Social determinants of health are factors that encompass how people are born, grow, live, work and age and that affect their health outcomes. These include aspects that range from socioeconomic status to the neighborhood and physical environment and are recognized by multiple health care organizations and other groups as necessary for improving overall health and reducing health disparities.
The U.S. Centers for Disease Control and Prevention, or CDC, identified housing as an important social determinant of health, highlighting the link between where people live and their health. The CDC recognized that people with low incomes and people of color tend to reside in places with more health risks — greater exposure to health hazards within the home and the community, such as lead, mold and toxic pollutants — and face housing cost burdens that encourage housing instability, which can jeopardize the ability to meet their basic needs.
Identifying the home as a potential health hazard, the U.S. Department of Housing and Urban Development, or HUD, defined eight Healthy Homes principles necessary to maintain a healthy home: keep it dry, clean, safe, well-ventilated, pest- and contaminant-free, well-maintained, and thermally controlled. People with low incomes, however, must often choose between a healthy home that meets at least this basic standard and one that they can afford.
This brief summarizes research on key factors to improving health through housing in populations with low incomes and illustrates how the work of Habitat for Humanity contributes to positive health outcomes.
Research highlights
Key factors for health-promoting housing
- Providing access to stable and affordable housing improves health and reduces health care costs. Among households with low incomes, moving into more affordable and stable housing was associated with 18% fewer emergency department visits and 20% more primary care visits, which combined equate to a 12%, or approximately $580, decrease in Medicaid health care expenditures from the previous year.
- Removing physical hazards and improving the safety of homes leads to better health for children and the elderly. Removing asthma triggers, such as pests and mold, from homes, coupled with community case management, resulted in decreased health care use and improved quality of life for children. Repairs and modifications to homes, coupled with home visits by a health care provider, resulted in a 30% improvement in the ability of older adults with low incomes to perform daily activities.
- Living in homes in low-poverty neighborhoods or neighborhoods with access to healthy foods can improve physical health and healthy eating.

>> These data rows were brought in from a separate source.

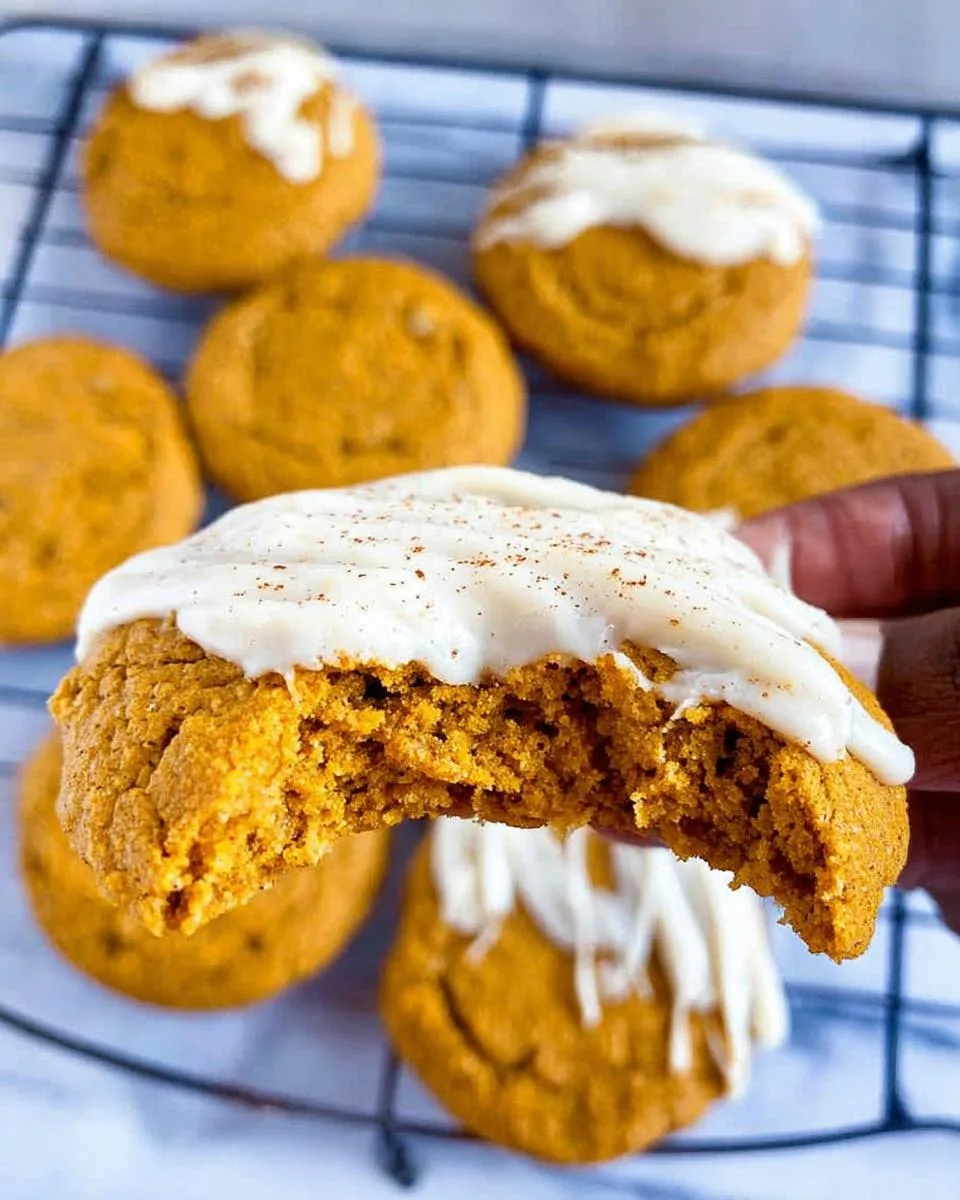 Keto pumpkin cookies - detail 2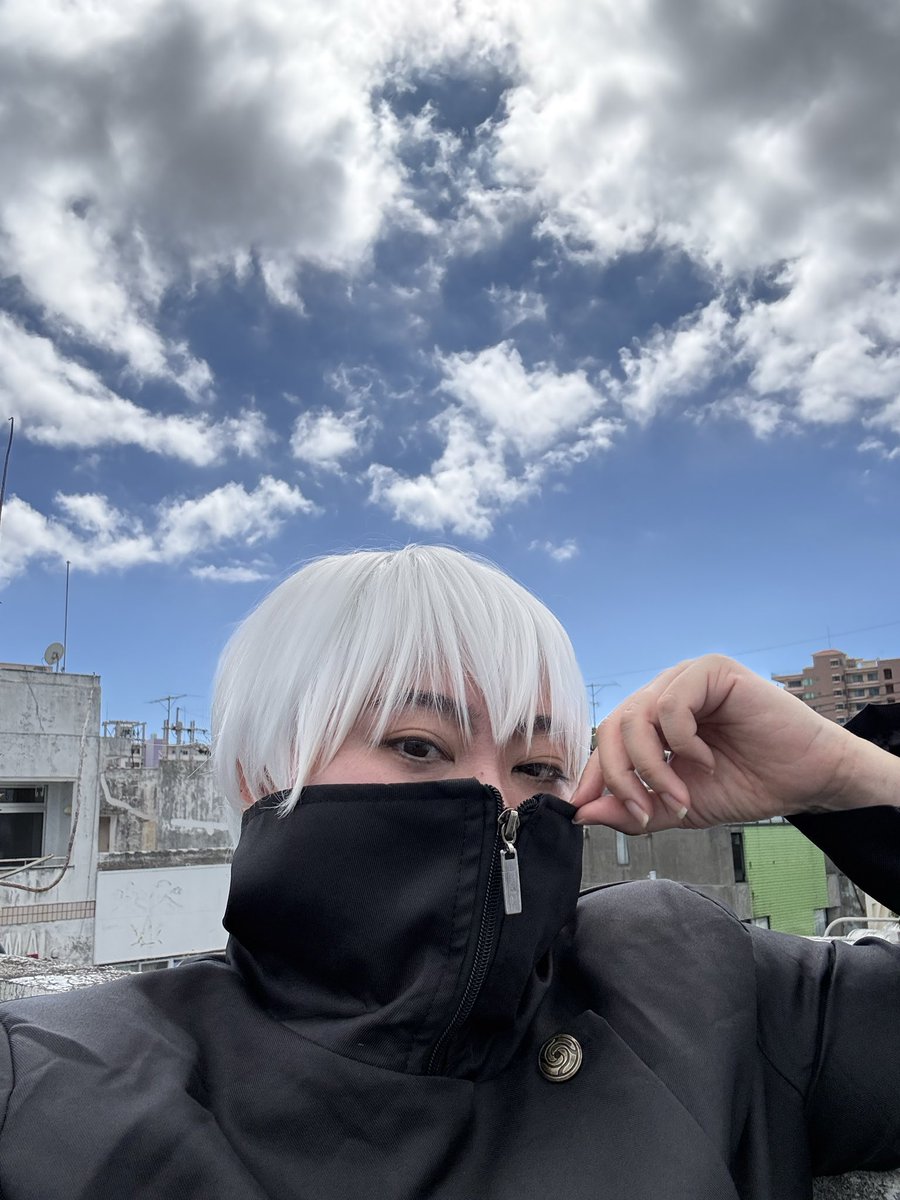 ___kuzunoha___'s tweet photo. 【⚠︎コス/cos】呪術廻戦/狗巻棘 https://t.co/JJQEej1bqc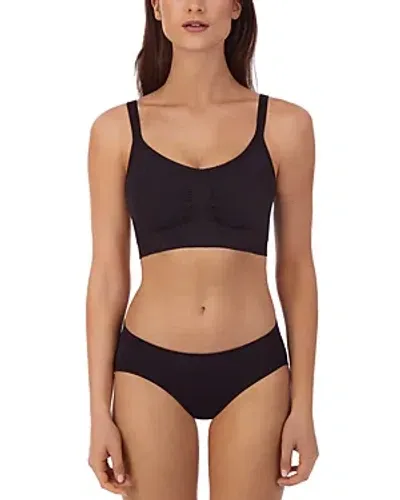 Le Mystere Seamless Comfort Bralette In Black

Key place-based barriers to improving racial disparities in health
- Black and Hispanic/Latino populations with low incomes tend to live in the least healthy neighborhoods, which are plagued by environmental pollutants and lack access to health-promoting resources. Black households with low incomes live in more environmentally hazardous neighborhoods that have up to 3.3 times the average toxic concentration levels of the average all-white neighborhood, while the environmental risk of being exposed to pollutants increases as the percentage of Hispanic/Latino households increases within a community.
- Black and Hispanic/Latino populations are more likely to live in substandard housing conditions, which increase the risk of adverse respiratory outcomes and lead poisoning.